Could Shakespeare have actually written all the plays we attribute to him? The debate goes on. David Womersley looks to Coleridge to address the logic behind “the zombie argument that refuses to die”:
“What is poetry,” says Coleridge, “is so nearly the same question with, what is a poet? that the answer to the one is involved in the solution of the other.” It is this Romantic approximation of the poet and the poem that laid the foundations for the doubts over Shakespeare’s authorship of his plays. Readers of those plays who had imbibed such Romantic notions of authorship — notions quite foreign to the milieu in which Shakespeare wrote — concluded that a humbly born boy from an obscure Midland town could never have written these dramas, many of which bring on stage kings and nobles, and are set in foreign lands. There had to be some counterpart in the life of the playwright to these aristocratic features of his work. Hence the theory of a nobly born author who was obliged to disguise his authorship because of the indignity of writing for the public stage.

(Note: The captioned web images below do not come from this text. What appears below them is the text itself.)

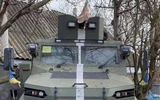 Israel bí mật cung cấp thiết giáp kháng mìn GAIA Amir cho Ukraine?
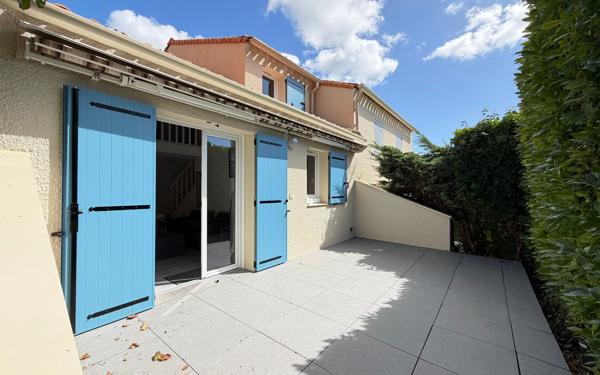 Maison à vendre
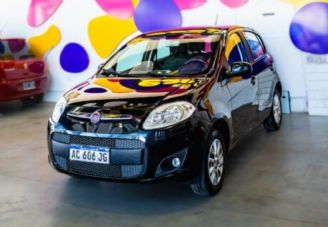 Fiat Nuevo Palio Usado en Córdoba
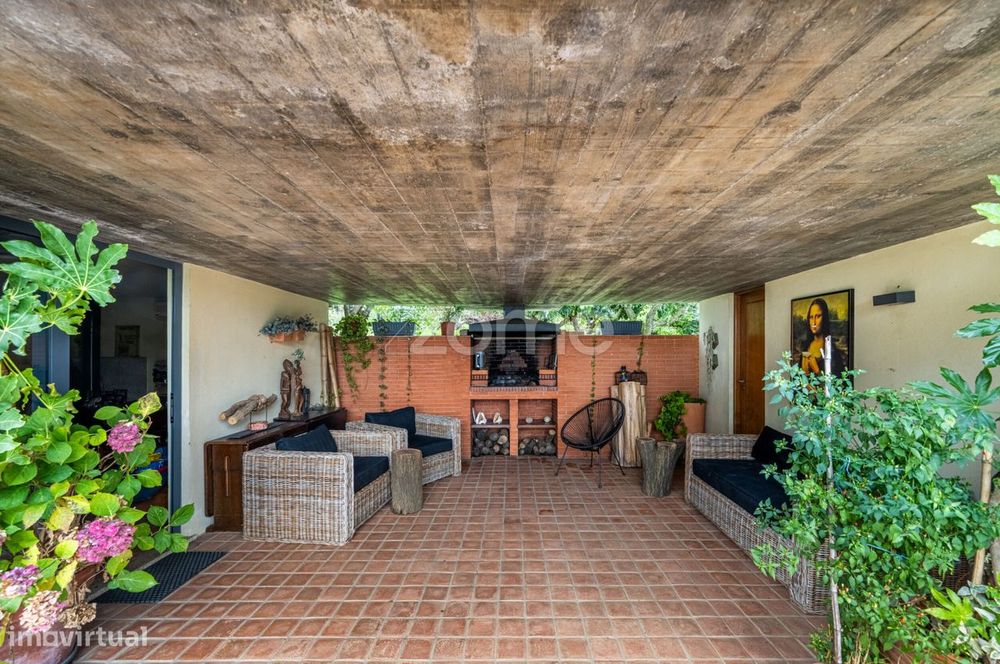 Moradia T4+1 com piscina em Chaves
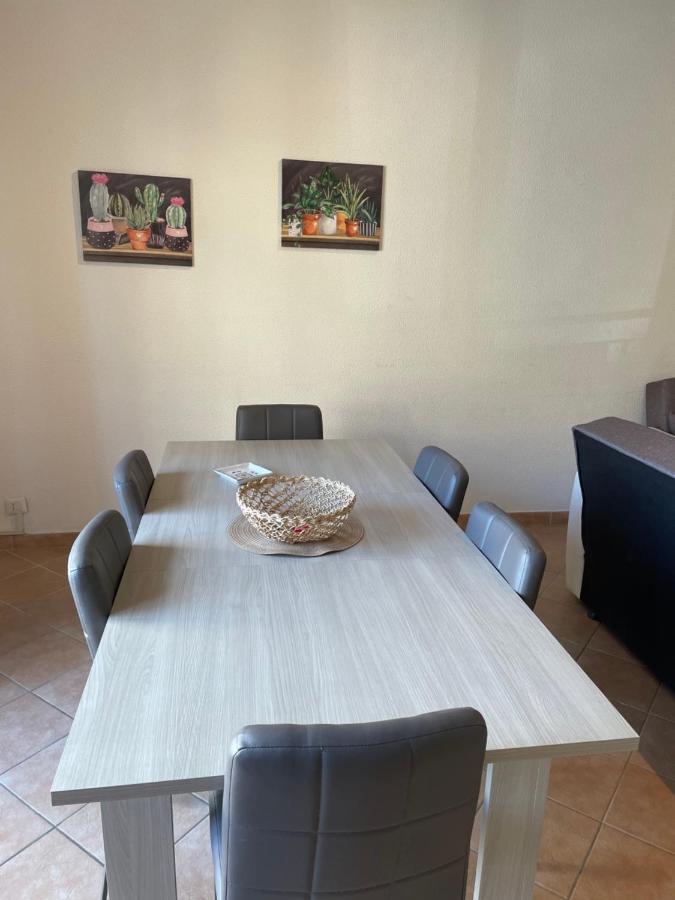 Perla Marina Apartment มาสคาลิ ภายนอก รูปภาพ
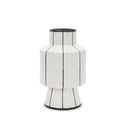 Mercana Dinah 8.1" x 8.1" x 13" Ceramic Vase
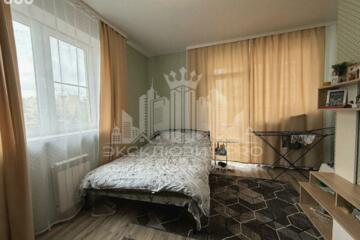 1-к квартира, 36,6 м², 1/6 эт.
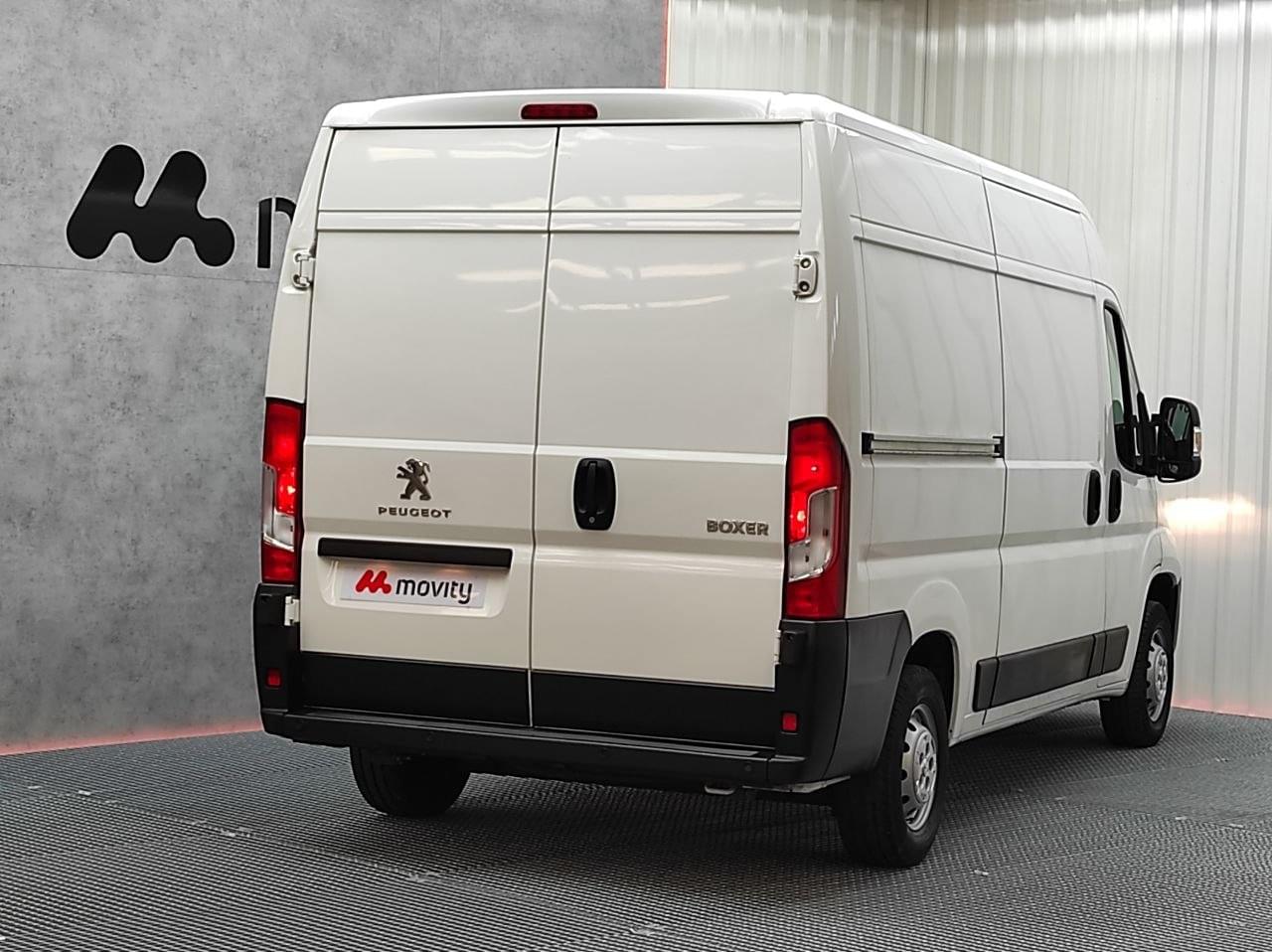 PEUGEOT BOXER L2H2 BLUEHDI 2.0 HDI 130CV 14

However, for those blessed with deeper insight the true authorship of the plays was concealed within them, either in a tissue of hints and obliquities, or in codes and ciphers which, when handled by an adept, could be made to yield up the identity of the genuine playwright. It is hard to write in measured language about the snobbery which underlies these theories, and the confusion of mind which accompanied their articulation.